» **Required work**:
Copy exactly the lines of the records below, starting at the line that contains "The Pudendal Plexus, Levator" and continuing through the last line, both included; omit any pictures.

» **Excerpted data**:
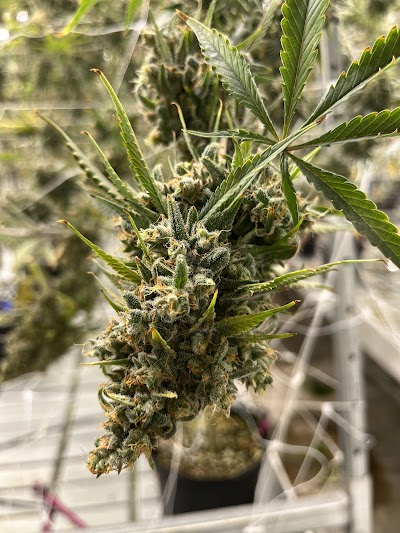 In Good Health - Brockton Marijuana Dispensary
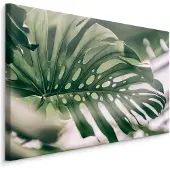Karo-art Schilderij - Close up Monstera Blad, Groen, Premium Print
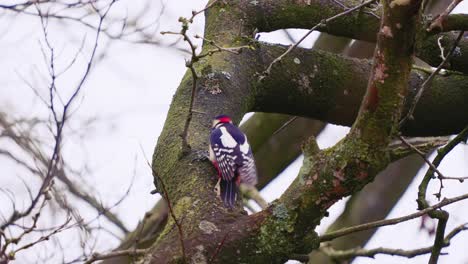 Gran-Pájaro-Carpintero-Moteado-Trepando-Por-Un-árbol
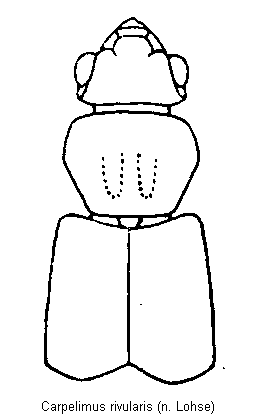 carpelimus_rivularis_vk.gif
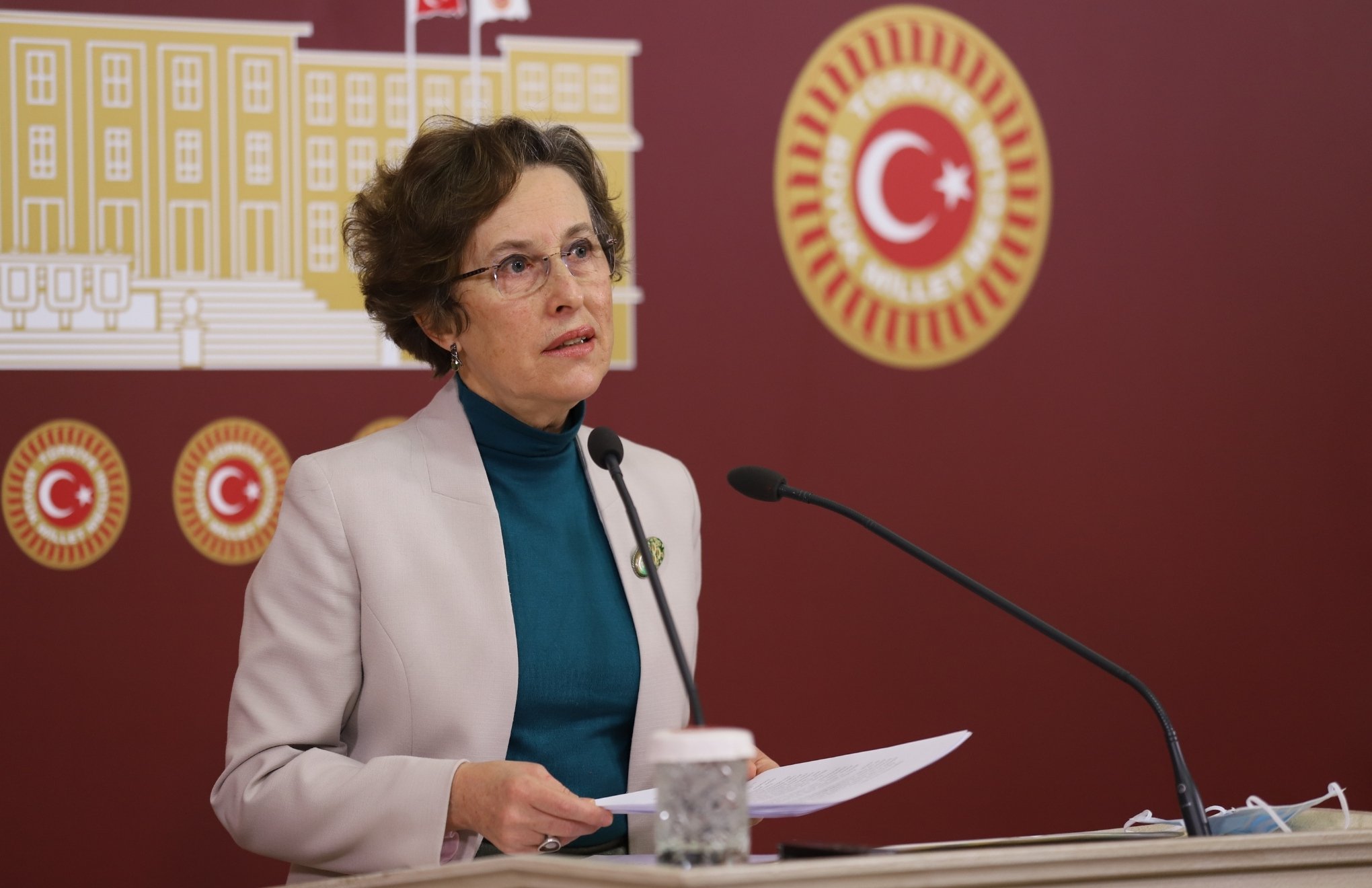 HDP brings missing people to Parliamentary agenda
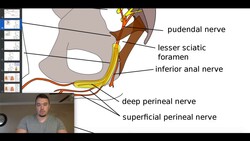 The Pudendal Plexus, Levator Ani Nerve, & the Coccygeal Plexus Instructional Video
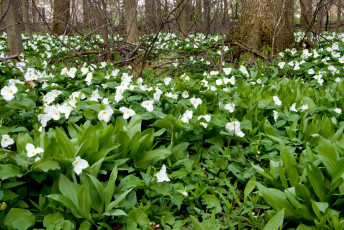 обоя цветы, триллиумы, трилистники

» **Task solution**:
 The Pudendal Plexus, Levator Ani Nerve, & the Coccygeal Plexus Instructional Video
 обоя цветы, триллиумы, трилистники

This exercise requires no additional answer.